Ganeti Node OOB Management Framework

Created:

2010-Nov-04

Status:

Implemented

Ganeti-Version:

2.4.0

Objective

Extend Ganeti with Out of Band (OOB) Cluster Node Management Capabilities.

Background

Ganeti currently has no support for Out of Band management of the nodes in a cluster. It relies on the OS running on the nodes and has therefore limited possibilities when the OS is not responding. The command gnt-node powercycle can be issued to attempt a reboot of a node that crashed but there are no means to power a node off and power it back on. Supporting this is very handy in the following situations:

  • Emergency Power Off: During emergencies, time is critical and manual tasks just add latency which can be avoided through automation. If a server room overheats, halting the OS on the nodes is not enough. The nodes need to be powered off cleanly to prevent damage to equipment.

  • Repairs: In most cases, repairing a node means that the node has to be powered off.

  • Crashes: Software bugs may crash a node. Having an OS independent way to power-cycle a node helps to recover the node without human intervention.

Overview

Ganeti will be extended with OOB capabilities through adding a new Cluster Parameter (--oob-program), a new Node Property (--oob-program), a new Node State (powered) and support in gnt-node for invoking an External Helper Command which executes the actual OOB command (gnt-node <command> nodename ...). The supported commands are: power on, power off, power cycle, power status and health.

Note

The new Node State (powered) is a State of Record (SoR), not a State of World (SoW). The maximum execution time of the External Helper Command will be limited to 60s to prevent the cluster from getting locked for an undefined amount of time.

Detailed Design

New gnt-cluster Parameter

Program: gnt-cluster
Command: modify|init
Parameters: --oob-program
Options: --oob-program: executable OOB program (absolute path)

New gnt-cluster epo Command

Program: gnt-cluster
Command: epo
Parameter: --on --force --groups --all
Options: --on: By default epo turns off, with --on it tries to get the
cluster back online
--force: To force the operation without asking for confirmation
--groups: To operate on groups instead of nodes
--all: To operate on the whole cluster

This is a convenience command to allow easy emergency power off of a whole cluster or part of it. It takes care of all steps needed to get the cluster into a sane state to turn off the nodes.

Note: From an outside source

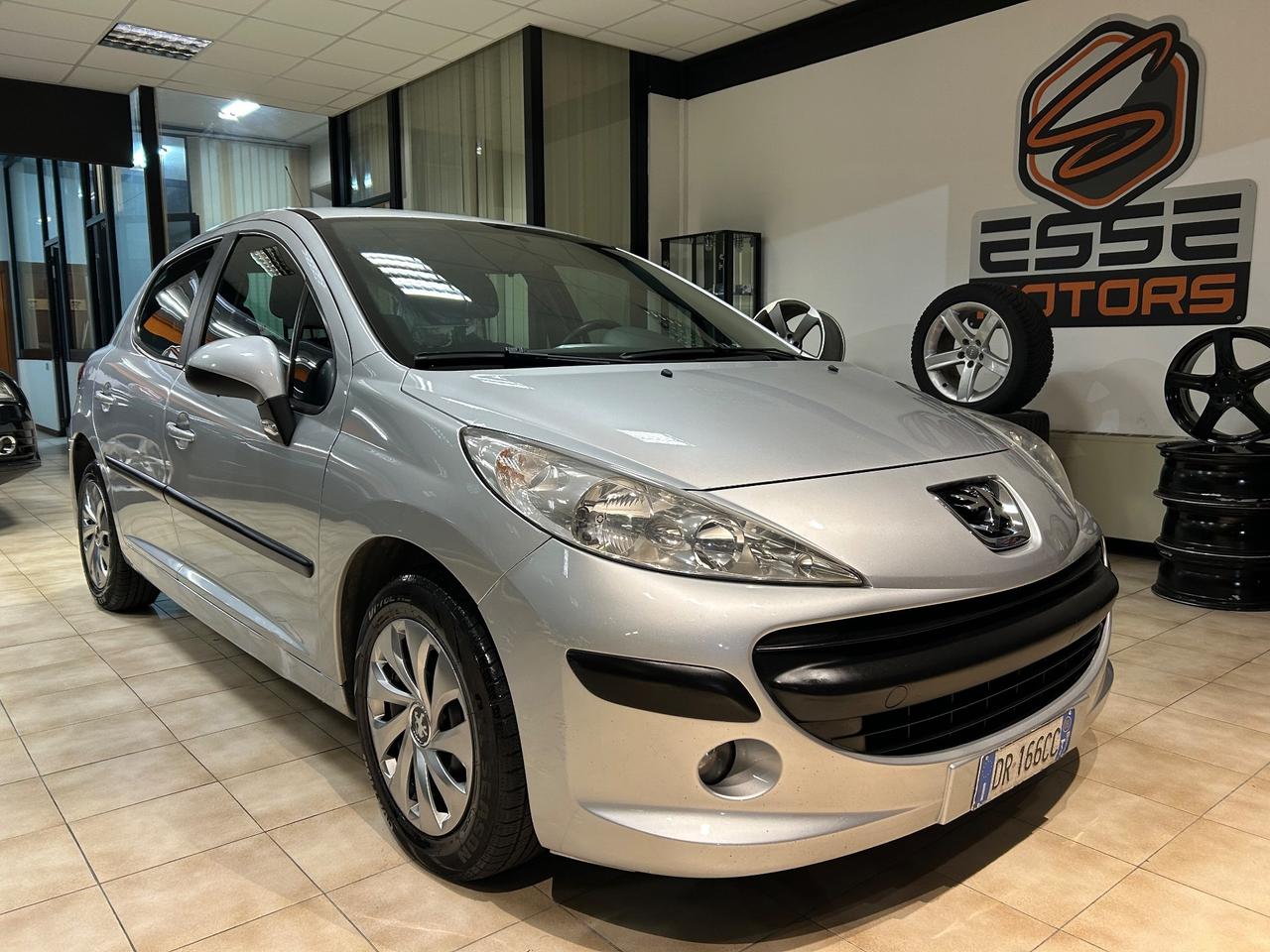 Peugeot 207 - 2008 1.4 benzina 88cv 171.000 KM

With --on it does the reverse and tries to bring the rest of the cluster back to life.

Note

The master node is not able to shut itself cleanly down. Therefore, this command will not do all the work on single node clusters. On multi node clusters the command tries to find another master or if that is not possible prepares everything to the point where the user has to shutdown the master node itself alone this applies also to the single node cluster configuration.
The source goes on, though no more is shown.